Monday, July 18, 2011

Reuben Brad Style*

I have been making Reubens for a very long time, since high school I think, I do know that is the first place I remember eating one. If you have never eaten one, I suggest that you at least try it once.


  • 1 Corned Beef Roast, cooked and sliced about 1/8 inch thick
  • Sauerkraut, prepared or from a can
  • Swiss cheese (I prefer baby Swiss)
  • Rye Bread
  • Thousand Island dressing (Miracle Whip if you don't like Thousand Island)
  • Butter or Margarine


  1. Butter one side of two slices of bread and then stack it so that the buttered sides are towards each other, pour about 1 TBSP of the dressing on the top slice of bread (unbuttered side) and spread it evenly.

  2. Add enough thinly sliced Swiss to cover the bread on top of this.

  3. Add on about 3 -4 TBSP of sauerkraut and arrange it evenly so that it is level and uniform across the sandwich.

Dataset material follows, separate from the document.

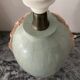 Vintage lamp base in Mactan stone and green marble.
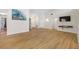 Spacious living room with vaulted ceilings, wood floors, and a modern entertainment center at 709 47Th E St, Bradenton, FL 34208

  4. To this add enough corned beef to cover your sandwich (the number of slices will vary depending on the size of roast you have cooked), cover with more Swiss cheese.

  5. Here is the tricky part, take the bottom piece of bread, and turn it over onto the top of the sandwich so that the buttered side is facing out. Set the pile on a griddle or pan.

  6. Toast both sides, and its ready to serve.